Work instruction:
Pictures do not belong in your copy. Repeat all the other data exactly.

Exercise material:

────

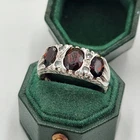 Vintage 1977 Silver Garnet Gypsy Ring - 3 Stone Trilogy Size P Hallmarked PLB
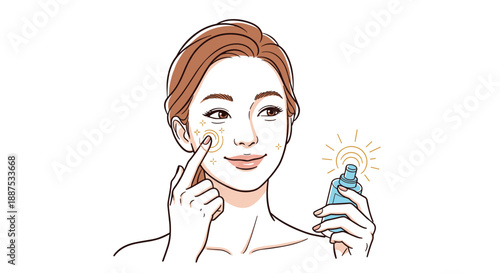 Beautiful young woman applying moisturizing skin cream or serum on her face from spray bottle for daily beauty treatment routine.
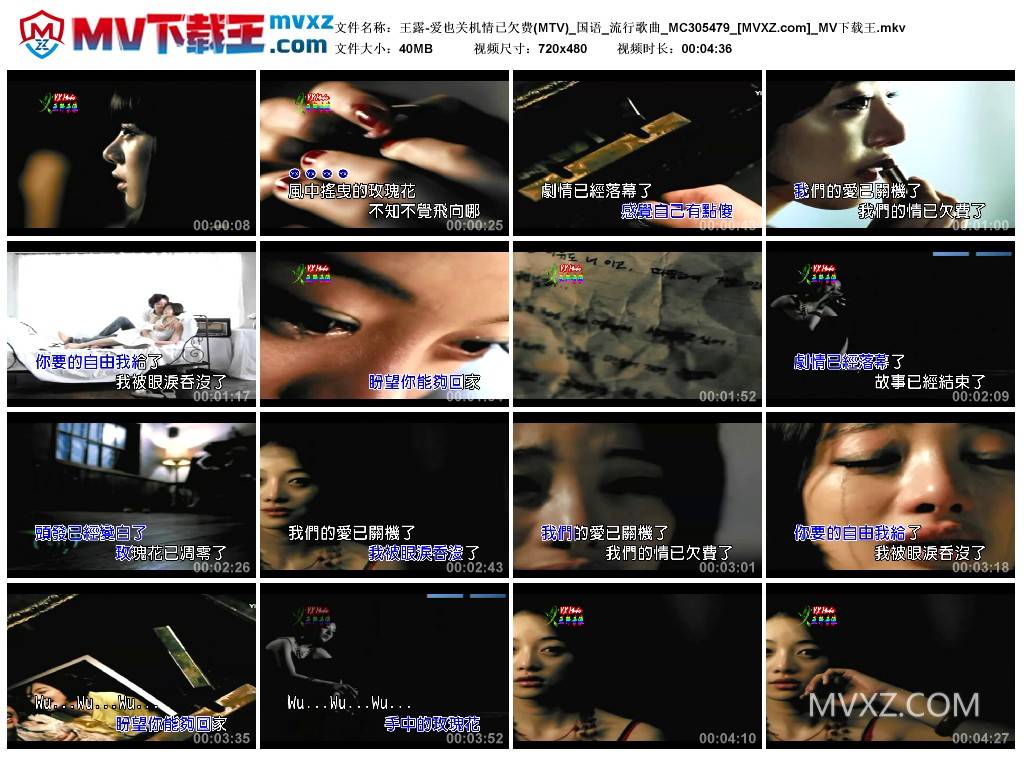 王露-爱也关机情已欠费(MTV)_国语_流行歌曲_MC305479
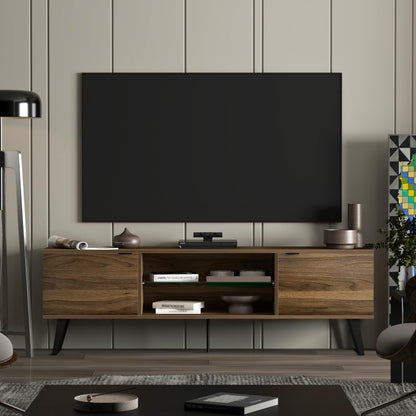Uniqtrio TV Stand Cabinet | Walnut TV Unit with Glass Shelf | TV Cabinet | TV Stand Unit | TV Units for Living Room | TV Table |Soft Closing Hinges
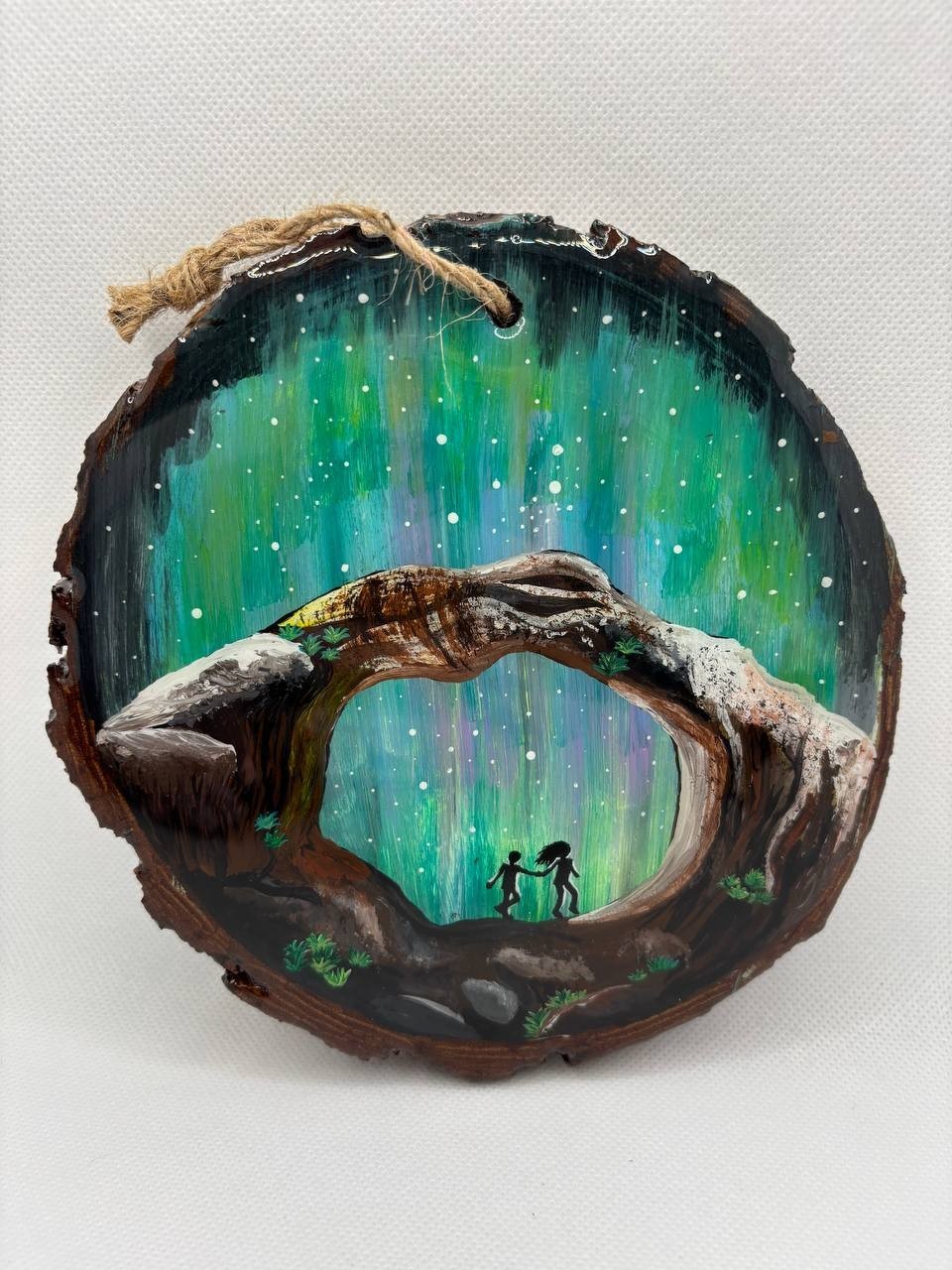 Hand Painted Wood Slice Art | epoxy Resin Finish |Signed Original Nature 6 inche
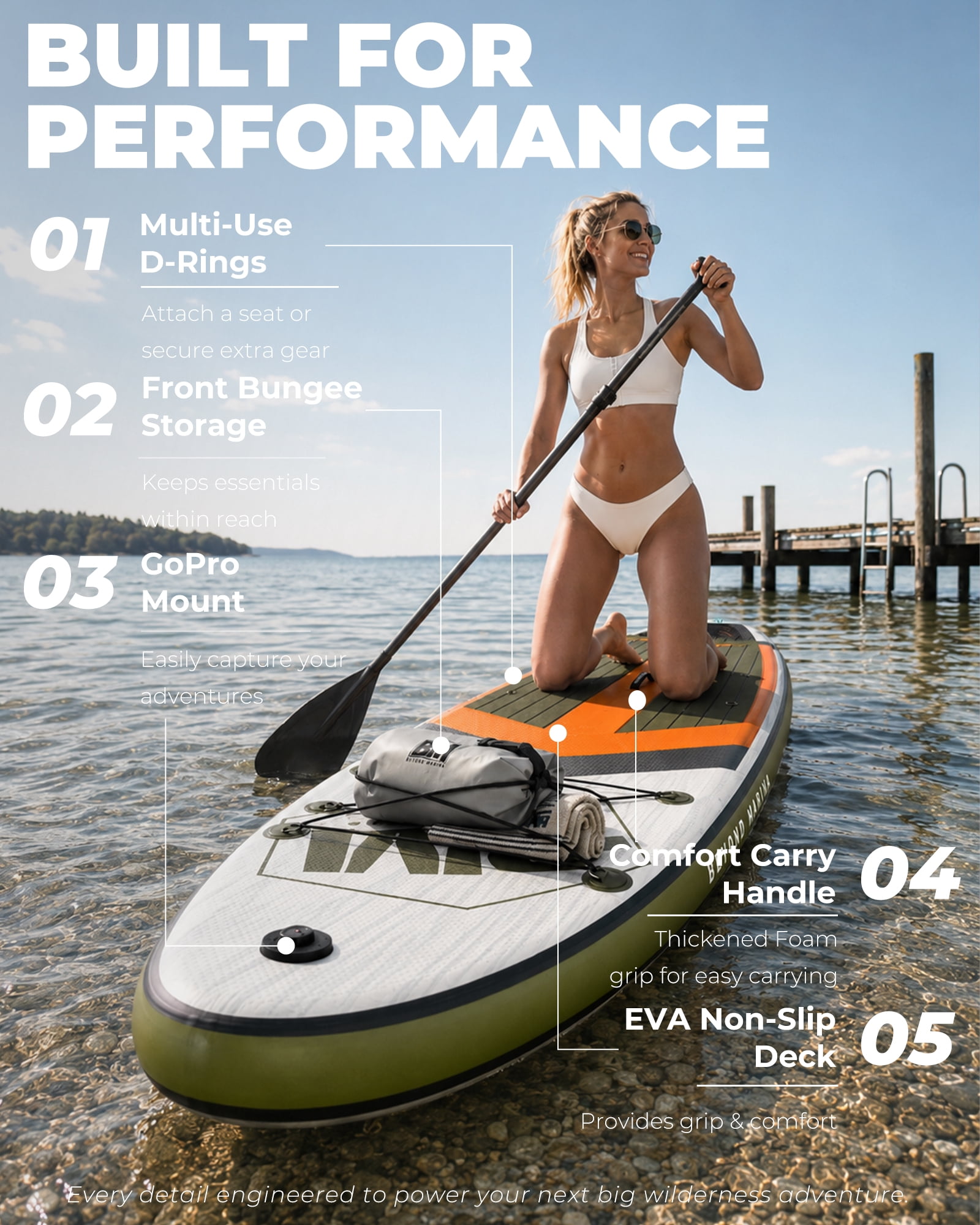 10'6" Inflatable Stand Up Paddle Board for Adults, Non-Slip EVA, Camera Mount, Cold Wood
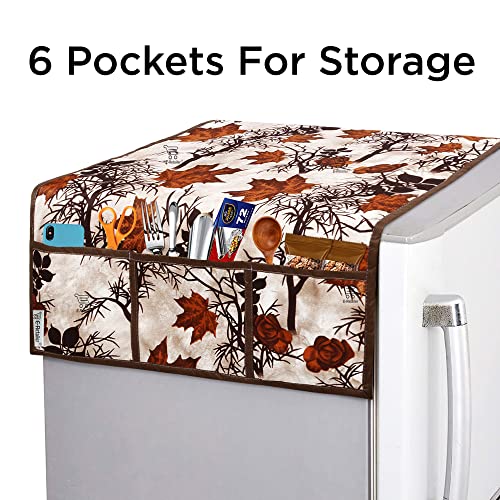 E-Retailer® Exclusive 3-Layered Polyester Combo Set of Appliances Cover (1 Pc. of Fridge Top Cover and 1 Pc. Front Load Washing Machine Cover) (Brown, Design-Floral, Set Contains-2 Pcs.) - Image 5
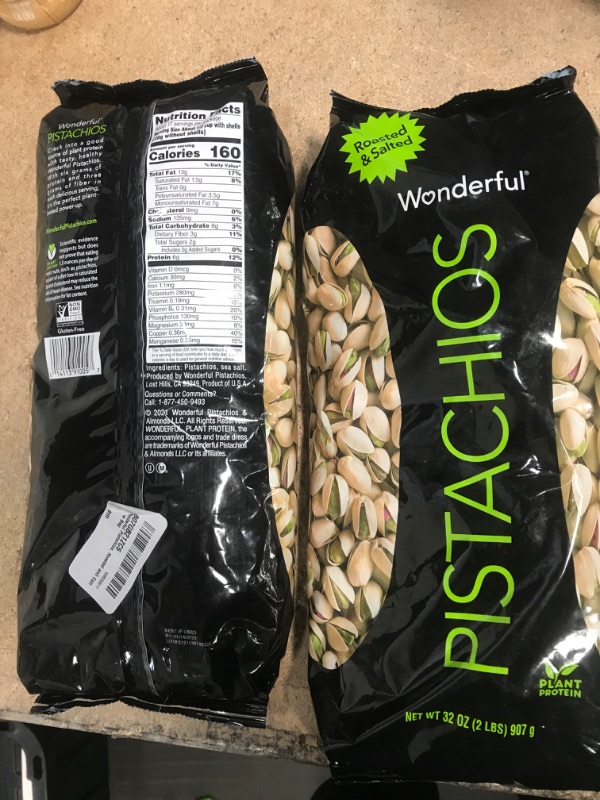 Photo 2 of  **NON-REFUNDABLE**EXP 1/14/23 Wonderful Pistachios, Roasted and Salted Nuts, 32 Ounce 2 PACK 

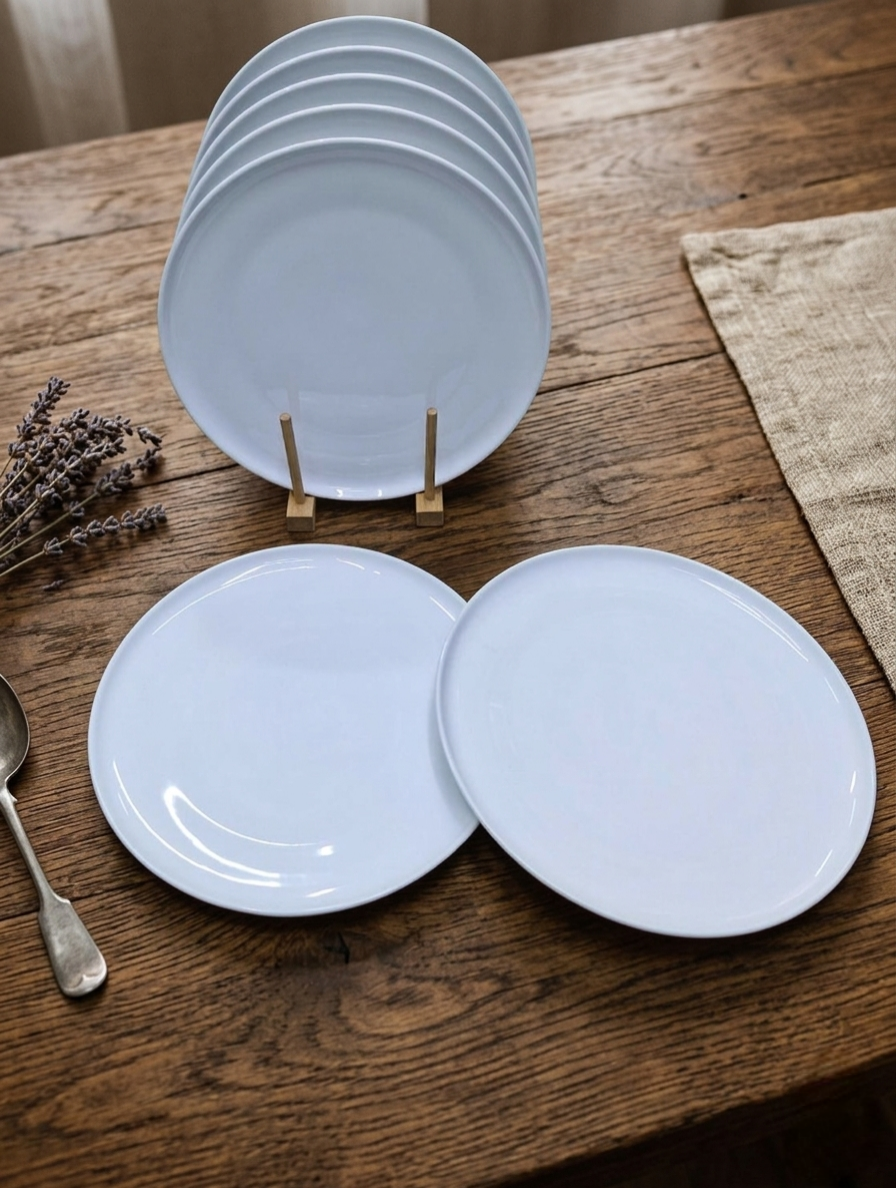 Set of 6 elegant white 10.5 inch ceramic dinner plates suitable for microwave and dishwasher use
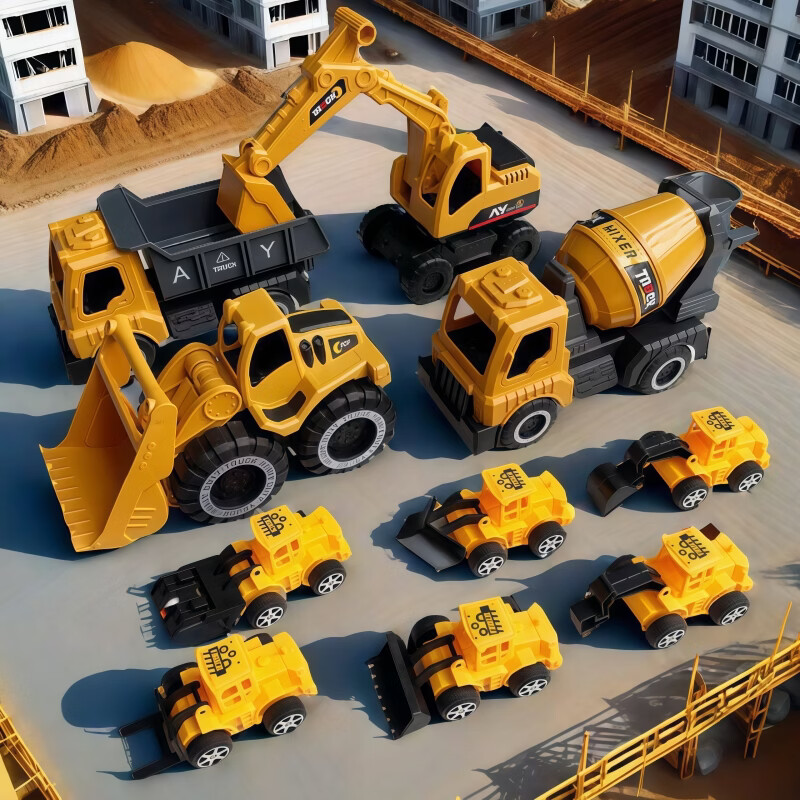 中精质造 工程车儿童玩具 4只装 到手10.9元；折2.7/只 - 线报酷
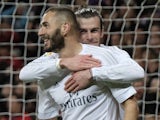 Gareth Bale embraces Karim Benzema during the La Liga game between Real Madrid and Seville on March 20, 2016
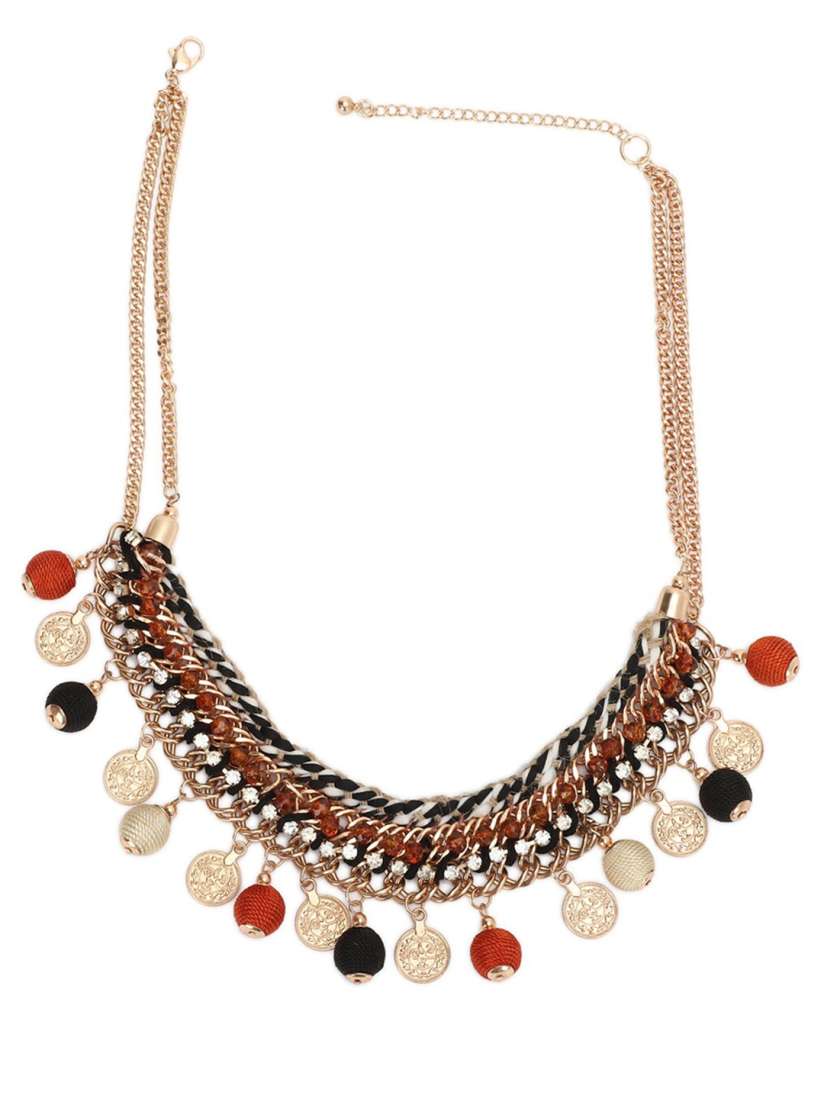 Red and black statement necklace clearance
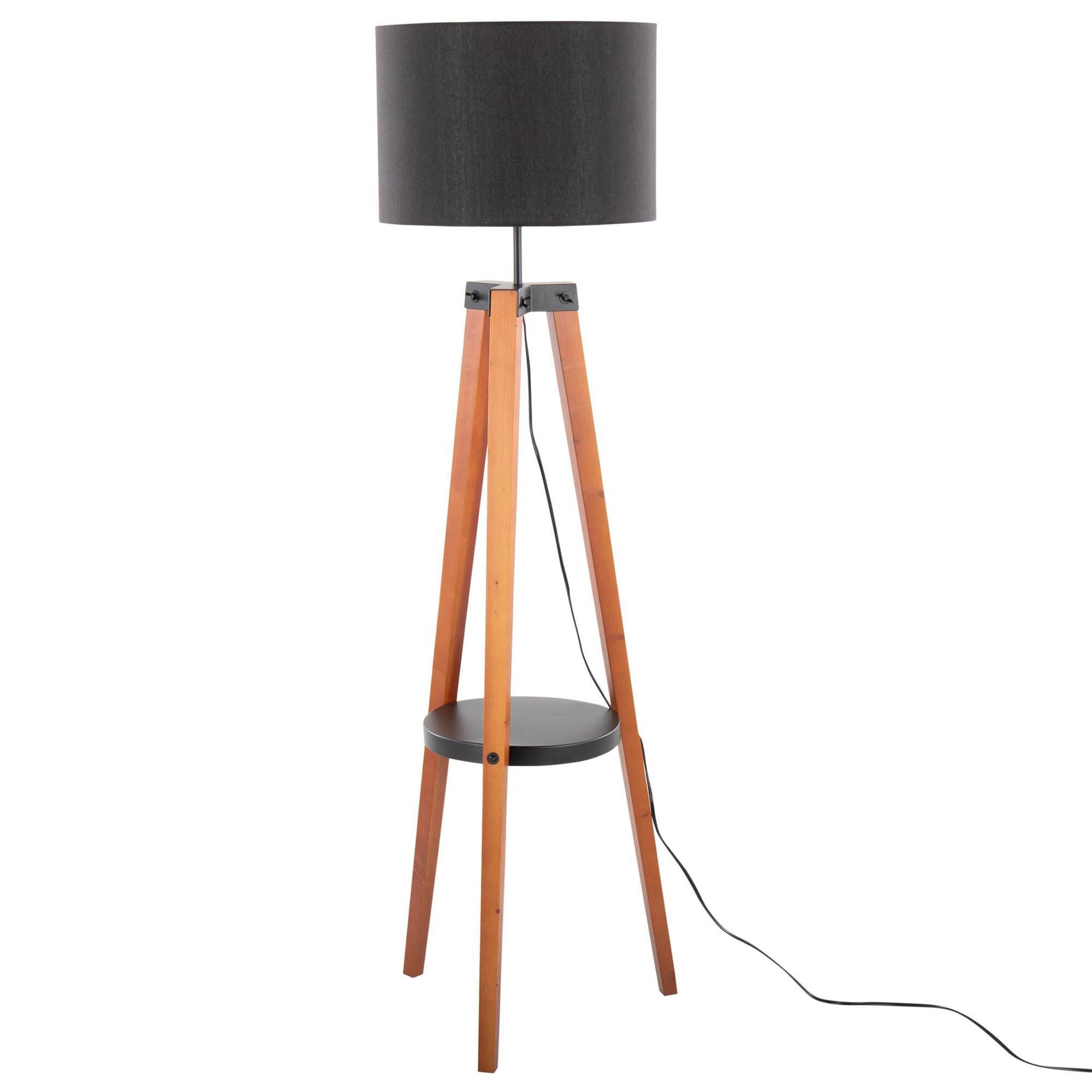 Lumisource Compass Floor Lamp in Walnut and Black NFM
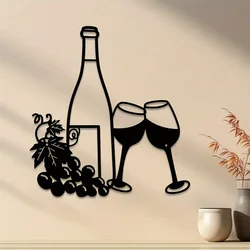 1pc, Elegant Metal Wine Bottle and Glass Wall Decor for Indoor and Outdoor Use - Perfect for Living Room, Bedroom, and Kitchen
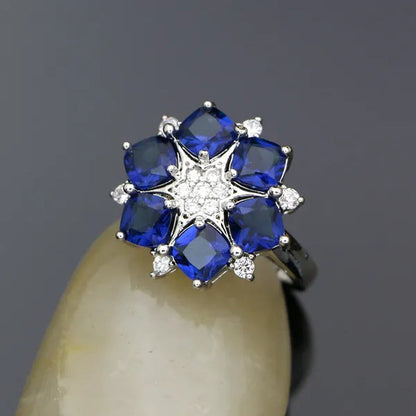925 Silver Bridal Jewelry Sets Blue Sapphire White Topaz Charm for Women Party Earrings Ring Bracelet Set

────

Solution for this task:
 Vintage 1977 Silver Garnet Gypsy Ring - 3 Stone Trilogy Size P Hallmarked PLB
 Beautiful young woman applying moisturizing skin cream or serum on her face from spray bottle for daily beauty treatment routine.
 王露-爱也关机情已欠费(MTV)_国语_流行歌曲_MC305479
Uniqtrio TV Stand Cabinet | Walnut TV Unit with Glass Shelf | TV Cabinet | TV Stand Unit | TV Units for Living Room | TV Table |Soft Closing Hinges
 Hand Painted Wood Slice Art | epoxy Resin Finish |Signed Original Nature 6 inche
 10'6" Inflatable Stand Up Paddle Board for Adults, Non-Slip EVA, Camera Mount, Cold Wood
 E-Retailer® Exclusive 3-Layered Polyester Combo Set of Appliances Cover (1 Pc. of Fridge Top Cover and 1 Pc. Front Load Washing Machine Cover) (Brown, Design-Floral, Set Contains-2 Pcs.) - Image 5
 Photo 2 of  **NON-REFUNDABLE**EXP 1/14/23 Wonderful Pistachios, Roasted and Salted Nuts, 32 Ounce 2 PACK 

 Set of 6 elegant white 10.5 inch ceramic dinner plates suitable for microwave and dishwasher use
 中精质造 工程车儿童玩具 4只装 到手10.9元；折2.7/只 - 线报酷
 Gareth Bale embraces Karim Benzema during the La Liga game between Real Madrid and Seville on March 20, 2016
 Red and black statement necklace clearance
 Lumisource Compass Floor Lamp in Walnut and Black NFM
 1pc, Elegant Metal Wine Bottle and Glass Wall Decor for Indoor and Outdoor Use - Perfect for Living Room, Bedroom, and Kitchen
925 Silver Bridal Jewelry Sets Blue Sapphire White Topaz Charm for Women Party Earrings Ring Bracelet Set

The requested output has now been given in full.